**Data provided**

★ ★ ★ ★ ★

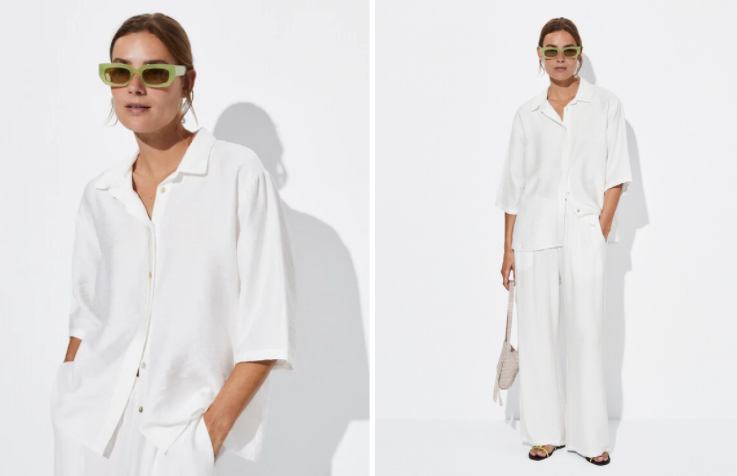 Parfois se viste de otoño: descubre las blusas de entretiempo más cotizadas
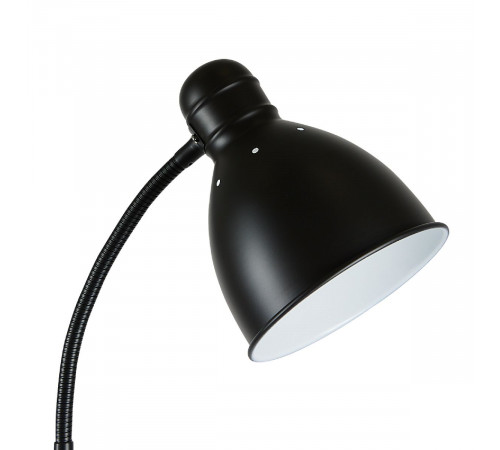 Торшер Uniel UML-T701 E27 BLACK UL-00010188 Торшер Uniel UML-T701 E27 BLACK UL-00010188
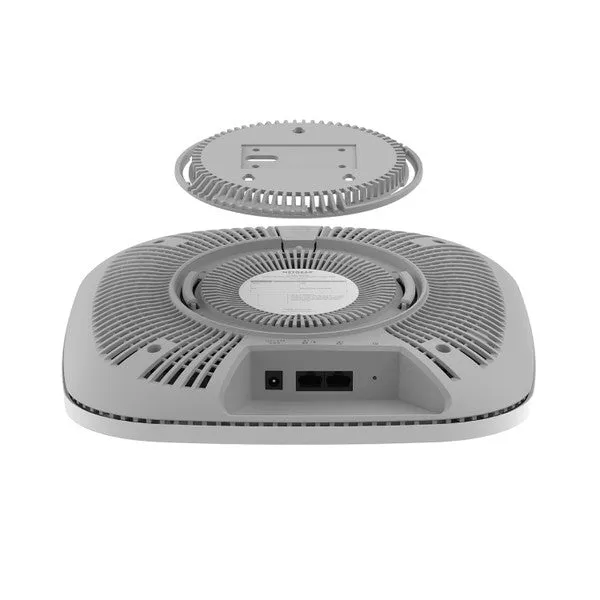 Netgear WAX630-100NAS WiFi 6 Access Point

★ ★ ★ ★ ★

**What to produce**
Retype the listing exactly. Leave the pictures out.

**Result for this exercise**
 Parfois se viste de otoño: descubre las blusas de entretiempo más cotizadas
 Торшер Uniel UML-T701 E27 BLACK UL-00010188 Торшер Uniel UML-T701 E27 BLACK UL-00010188
 Netgear WAX630-100NAS WiFi 6 Access Point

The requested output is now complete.